* **Instructions for the task**
With pictures left out, set down exactly the lines that begin at the one containing "Ertl Texaco Collectable image number 2" and end with the last line of the entries below.

[Crawled caption data]
BEGIN
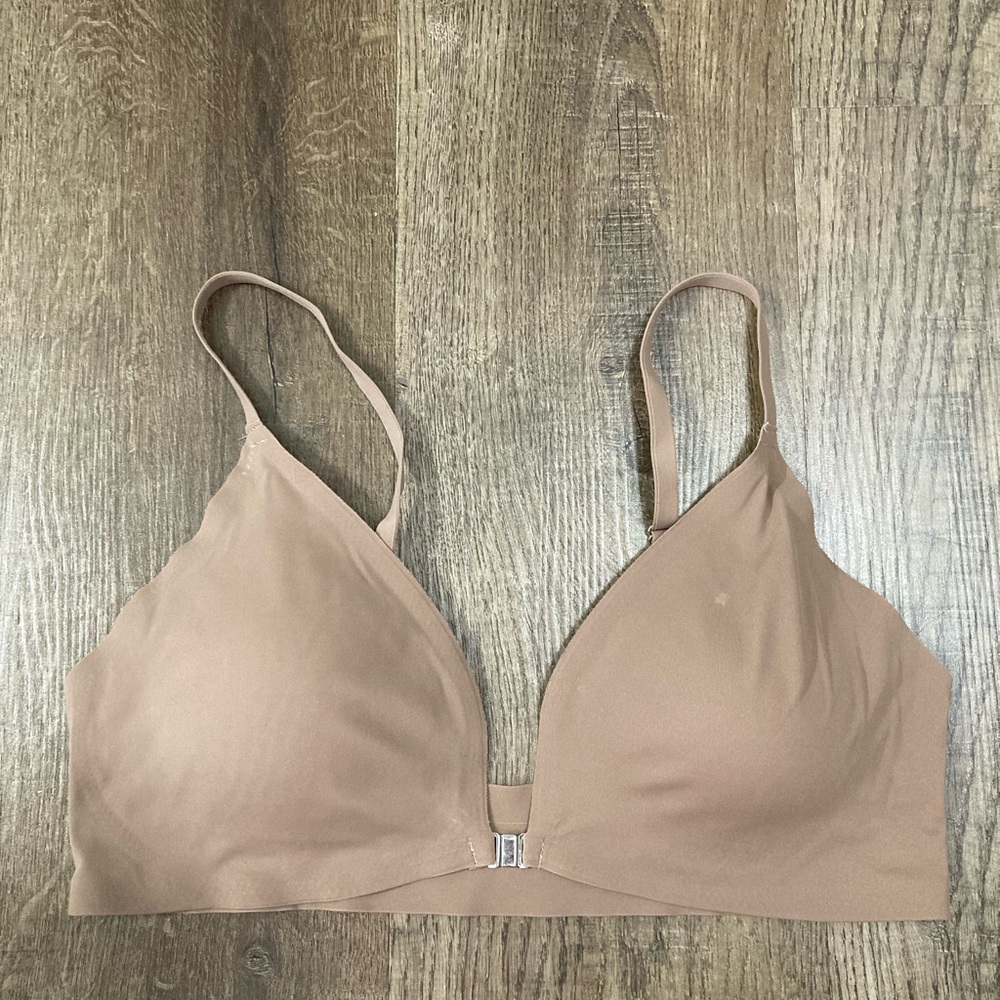 Seamless Nude Wireless Bra with Front Closure
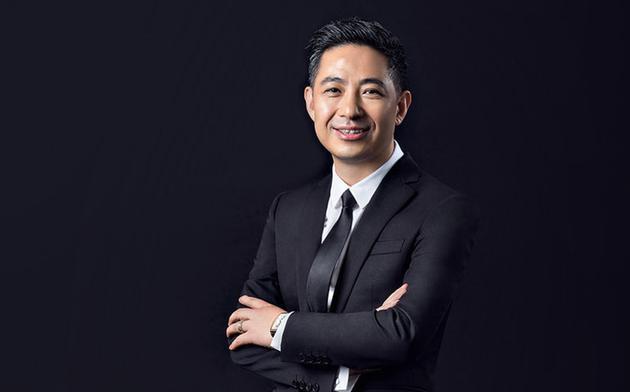 杨幂巴黎时装周_杨幂时装周2019图片_杨幂参加时装周的搭配/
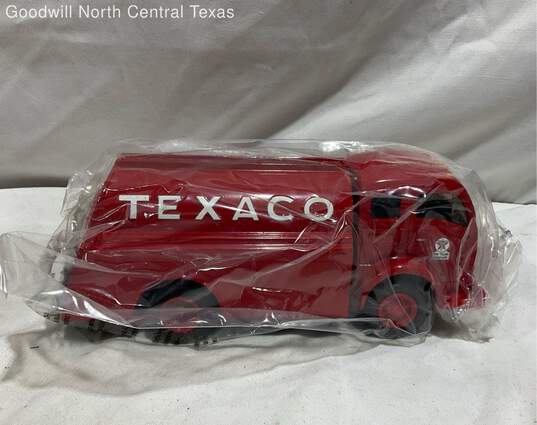 Ertl Texaco Collectable image number 2
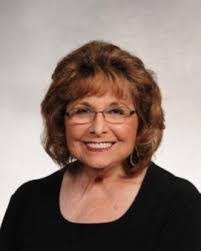 Lillian Livingston's Instagram, Twitter & Facebook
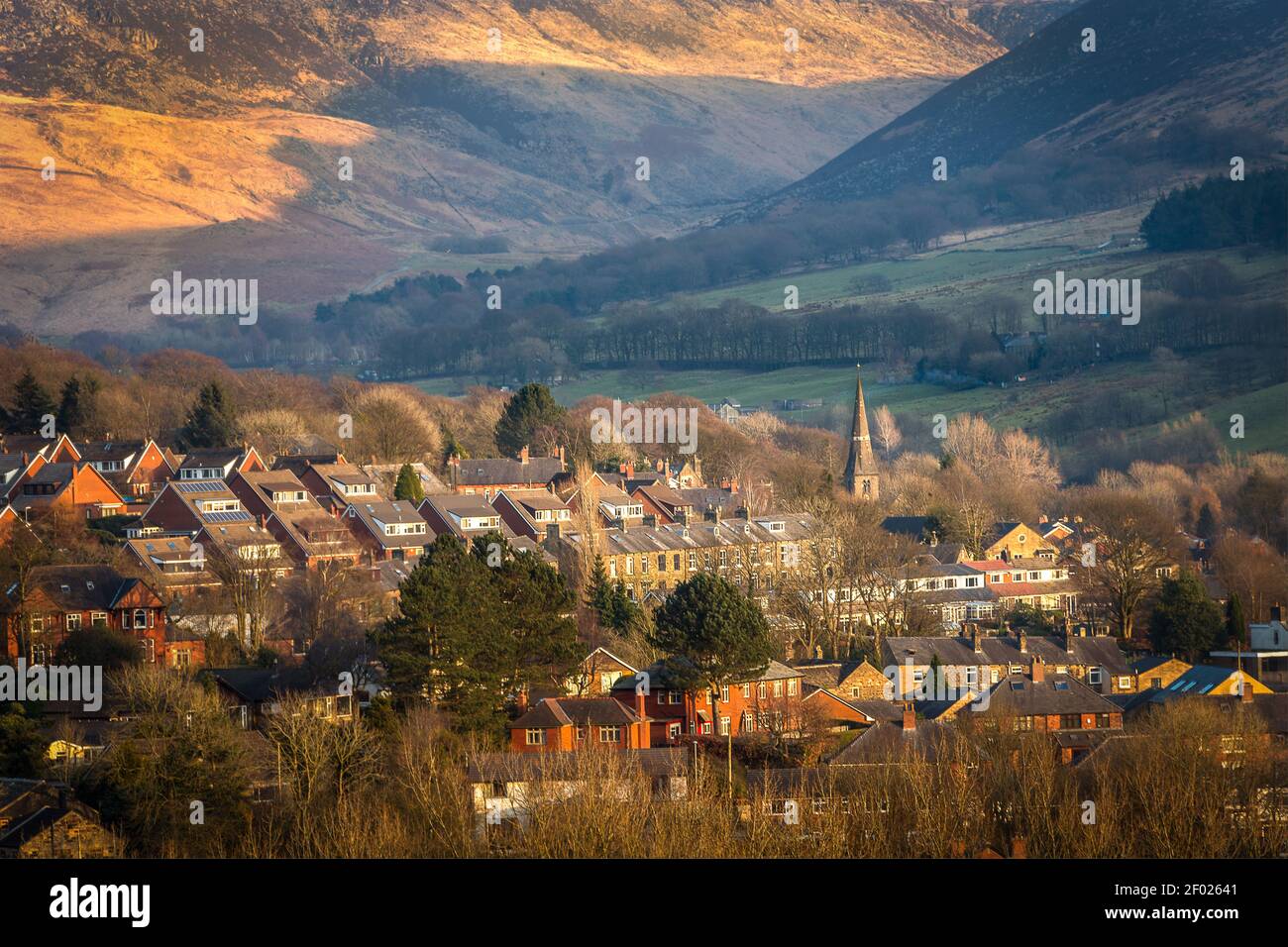 Late sun settling on the village of Greenfield in the Chew Valley Stock Photo
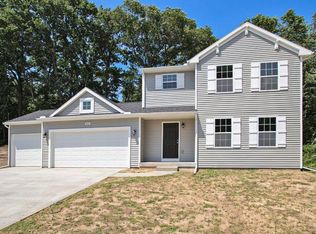 5441 E Karen Ct, Stevensville, MI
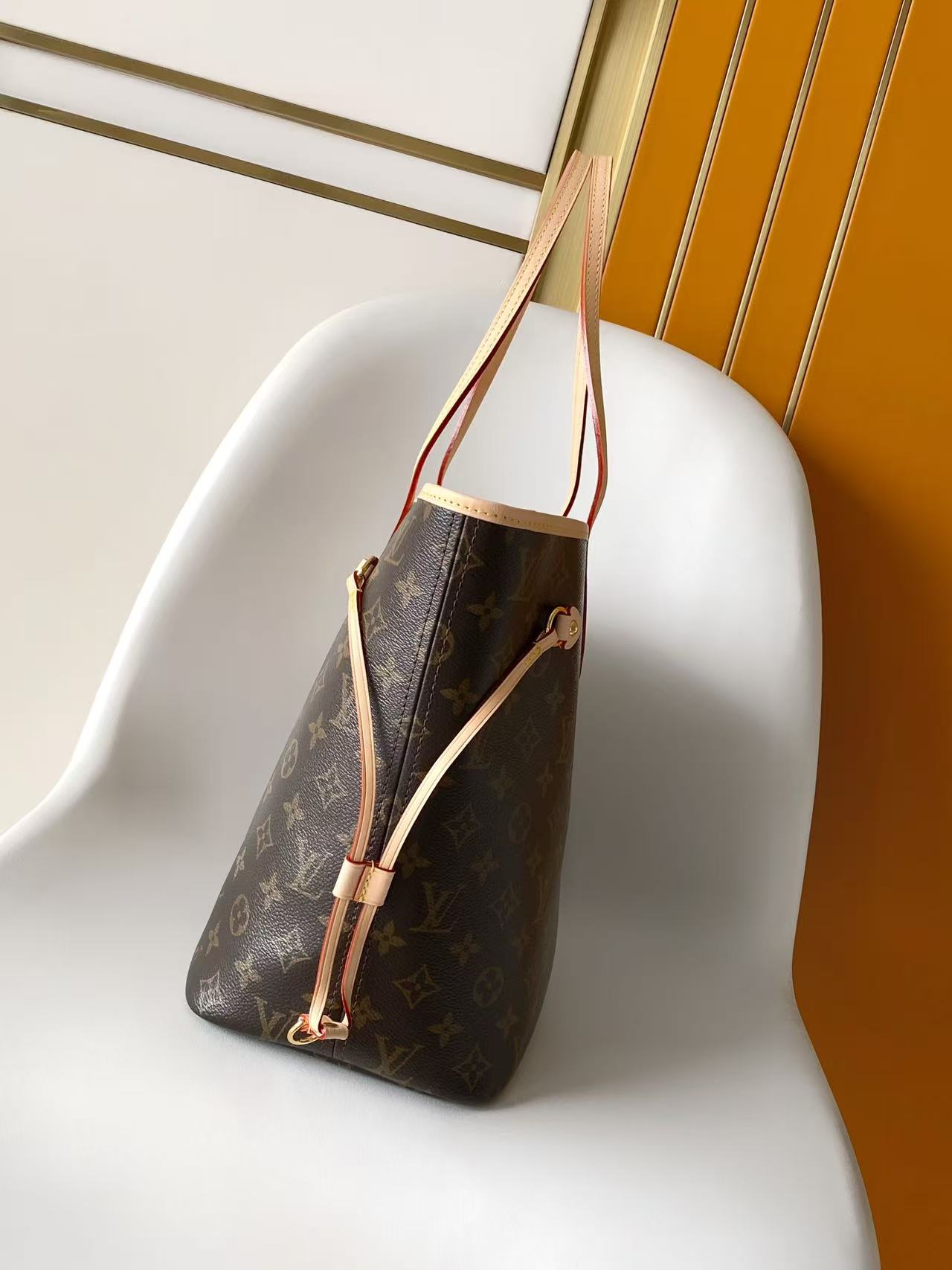 M27847 LV Neverwoof MM in Monogram Canvas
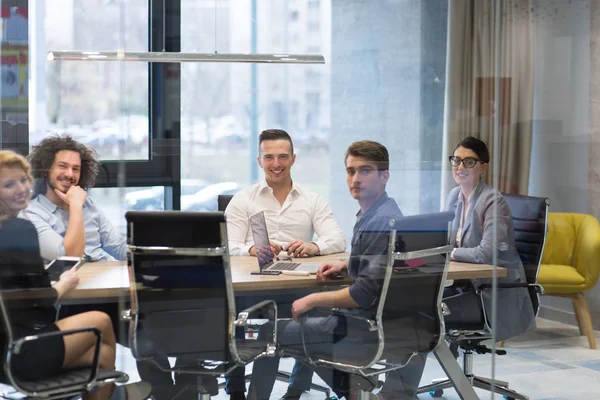 Startup Business Team al Meeting in un moderno edificio per uffici — Foto Stock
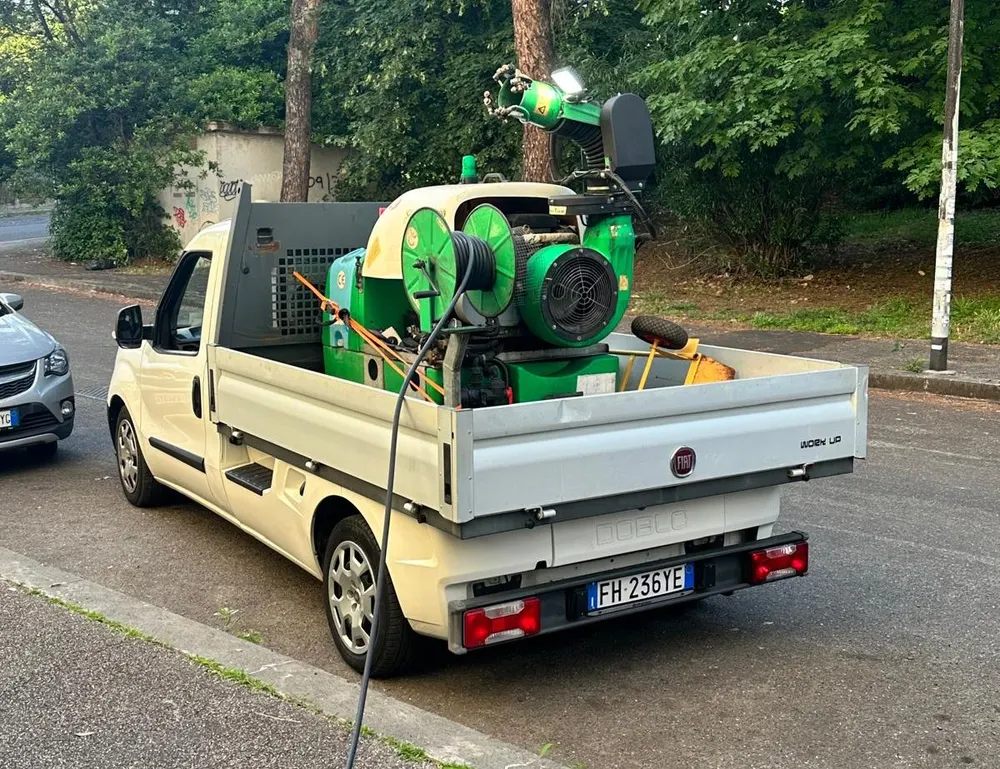 Mezzo attrezzato con nebulizzatore professionale
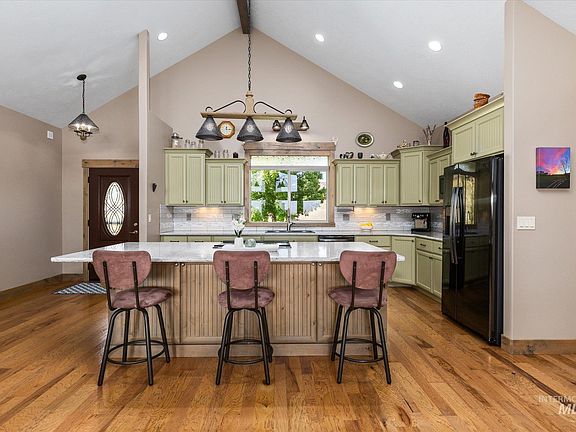 3rd image of 3902 Vista Ridge Ln
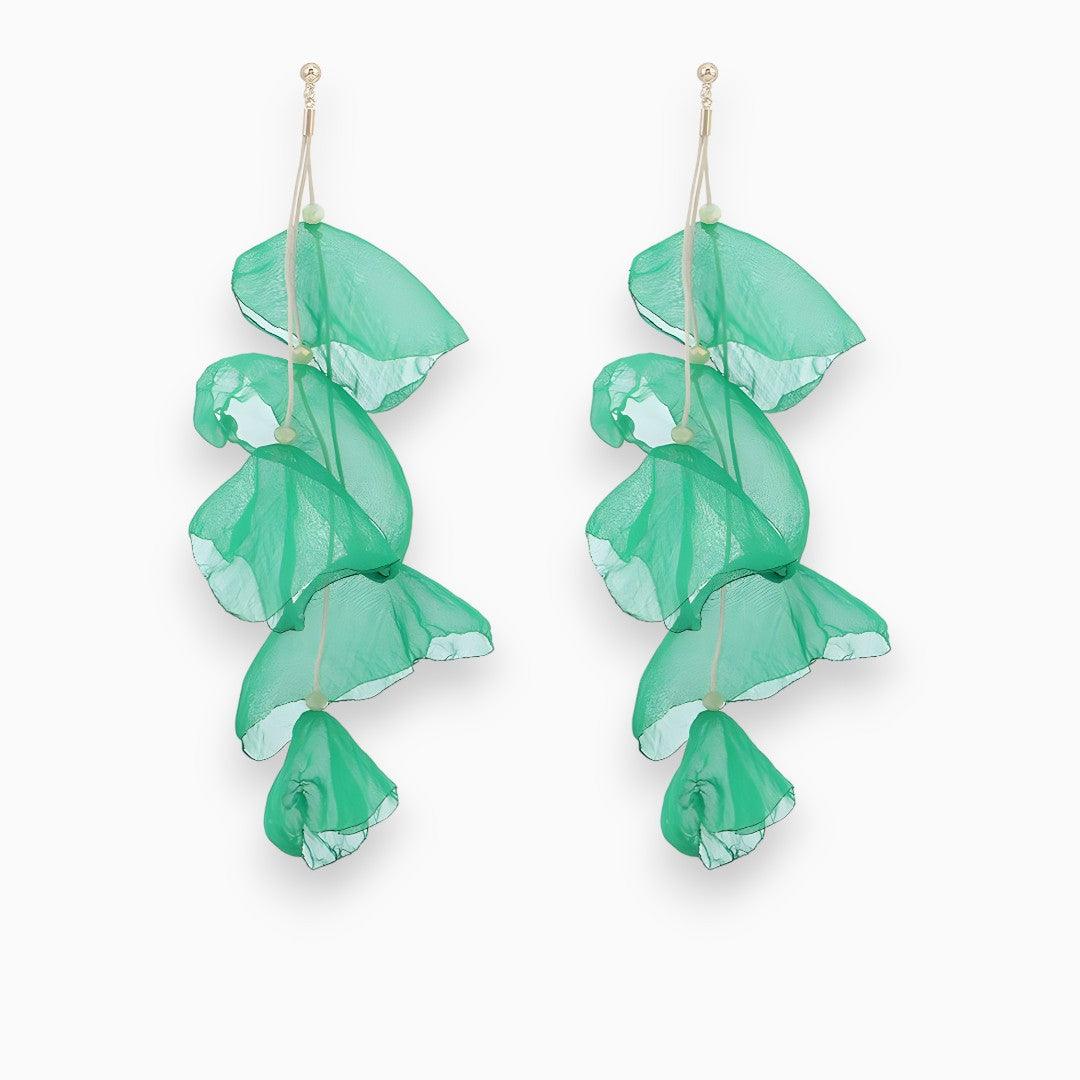 Kvinne med moderne tulipan øredobber, elegant tilbehør for en stilig look.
END
* **Output**
 Ertl Texaco Collectable image number 2
 Lillian Livingston's Instagram, Twitter & Facebook
 Late sun settling on the village of Greenfield in the Chew Valley Stock Photo
 5441 E Karen Ct, Stevensville, MI
 M27847 LV Neverwoof MM in Monogram Canvas
 Startup Business Team al Meeting in un moderno edificio per uffici — Foto Stock
 Mezzo attrezzato con nebulizzatore professionale
 3rd image of 3902 Vista Ridge Ln
 Kvinne med moderne tulipan øredobber, elegant tilbehør for en stilig look.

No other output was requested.